The first two cases of death from monkeypox were recorded in Europe. Both in Spain

Oleksiy Yarmolenko

The first two cases of death from monkeypox were recorded in Europe. Both deaths were reported by Spanish health authorities.

Reuters writes about it.

The Spaniards reported the first death on Friday, and on Saturday it became known about the second. The first death from monkeypox was also reported in Brazil. Thus, these are the first fatal cases of the disease outside of Africa.

In Spain, it was reported that the first patient died of encephalitis, which developed against the background of infection with monkeypox. The cause of death of the second person has not yet been named.

A total of 4,300 cases of infection in Spain, of which 3.2% of people were hospitalized.

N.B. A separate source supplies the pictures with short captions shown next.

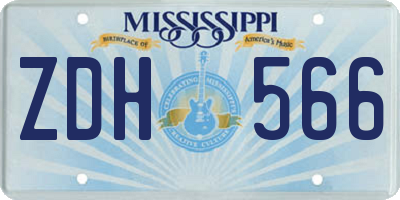 MS license plate ZDH566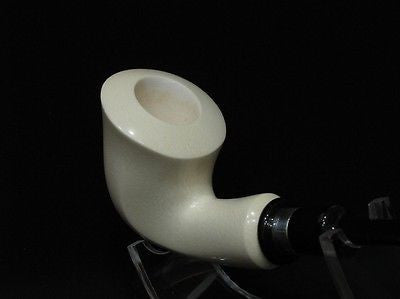 Smooth Bent Calabash Block Meerschaum Pipe Silver Acrylic stem Colors great 2959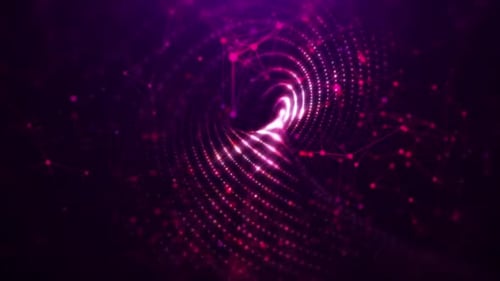Abstract Glowing Particle Vortex Loop Background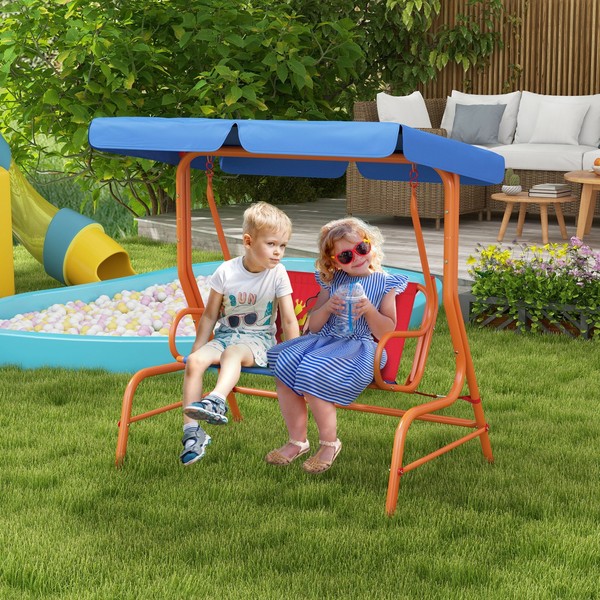 Banco columpio de jardín para niños con temática de vaquero con dosel ajustable, cinturones de seguridad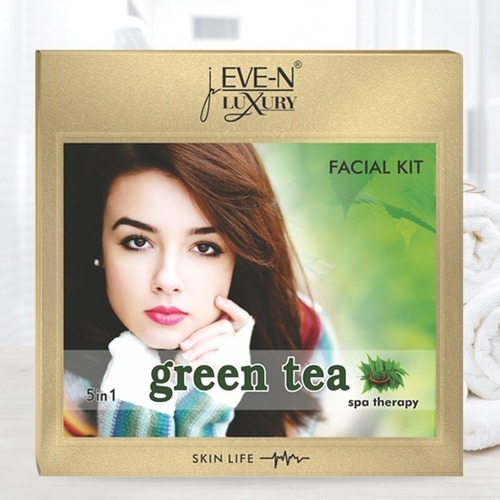 Eve-N Luxury Facial Kit 5 In 1 Green Tea Wt. 108 G Easy To Use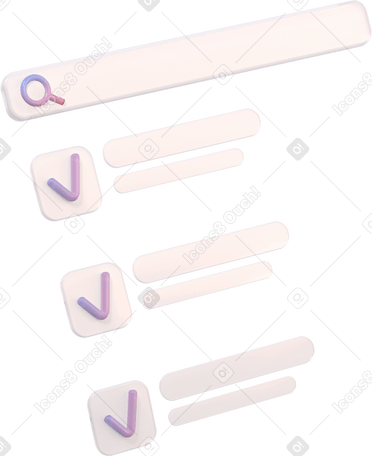 3D search bar and three checkboxes PNG, SVG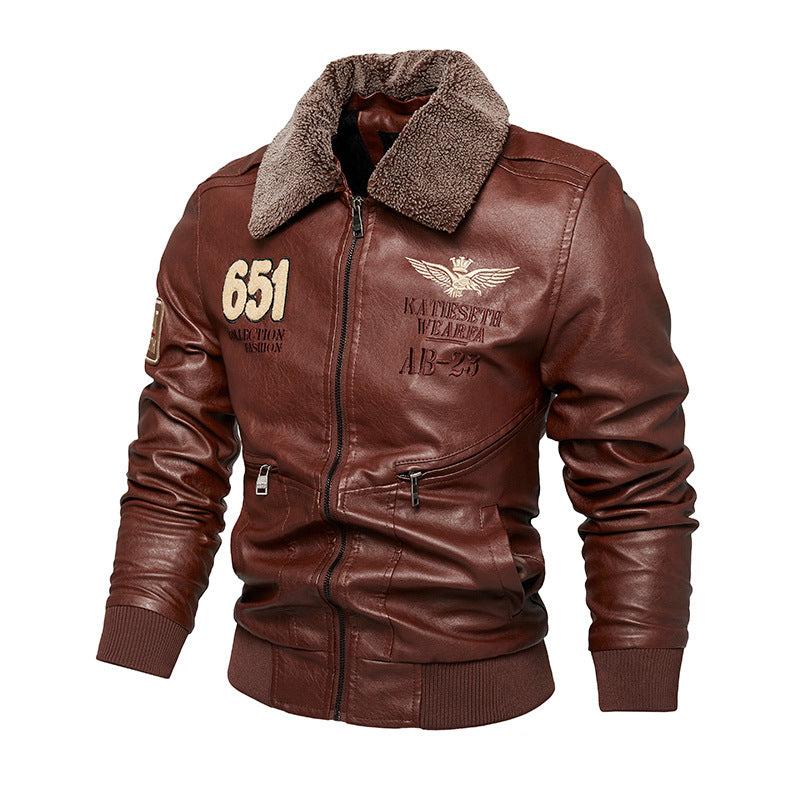 Herren Robuste Lederjacke mit abnehmbarem Teddykragen Echo Archiv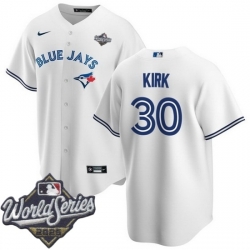 Men Toronto Blue Jays 30 Alejandro Kirk White Cool Base Stitched Jersey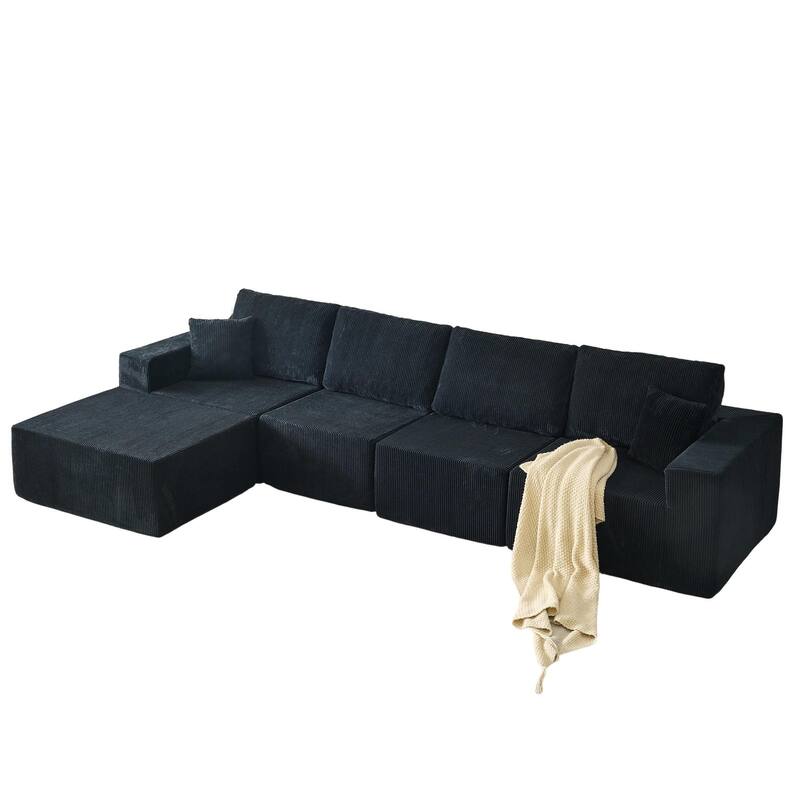 Modular L Shaped Sectional Sofa with Ottoman, Corduroy Boneless Cloud Sofa, 4 Seater Compressed Sofa with 2 Pillows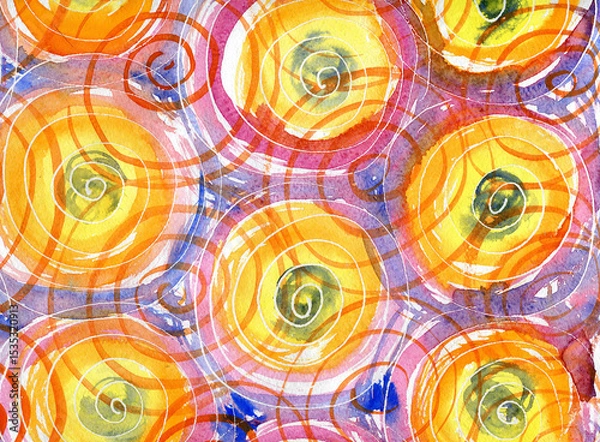 Fototapeta Bold brush drawn colorful spirals and swirls. Hand drawn geometric circular elements. Dynamic abstract forms. Grunge swirled brush stroke, curly thick lines. Thick geometric swirls.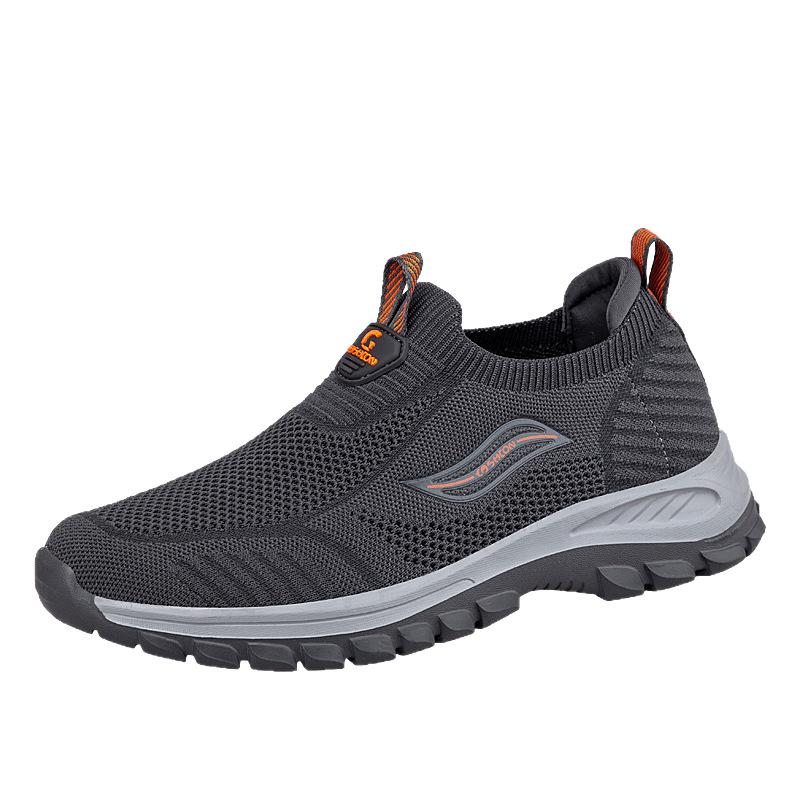 Zhang Kaili Men's Summer Slip-On Mesh Breathable Non-Slip Lightweight Comfortable Elderly Sports Dad Shoes
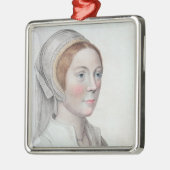 Portret van Catherine Howard (1520-42) gegraveerd  Metalen Ornament (Links)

  • Monkeypox is a rare infection that is mostly spread by wild animals in West and Central Africa. It is possible to become infected by contact with an infected animal, but scientists are not sure what exactly with a monkey — in their opinion, smallpox is transmitted to humans by rodents. A person can catch monkeypox if they are bitten by an infected animal or if a person comes into contact with animal fluids: blood, feces, saliva, etc. You can also get infected if you eat undercooked meat. At the same time, the disease spreads very rarely between people and is easily tolerated.
  • This type of smallpox is characterized by fever and rashes. There is no special vaccine against monkeypox, but scientists are sure that the vaccine against common smallpox is also effective. In addition, it can be injected after contact with an infected person — this will greatly facilitate the course of the disease.
  • Monkeypox has already been detected in some countries neighboring Ukraine, such as Poland and Romania. The chief sanitary doctor of Ukraine, Ihor Kuzin, believes that the risks of this disease for Ukraine are quite low. At the same time, the head of the World Health Organization, Tedros Ghebreyesus, declared the monkeypox outbreak "a public health emergency."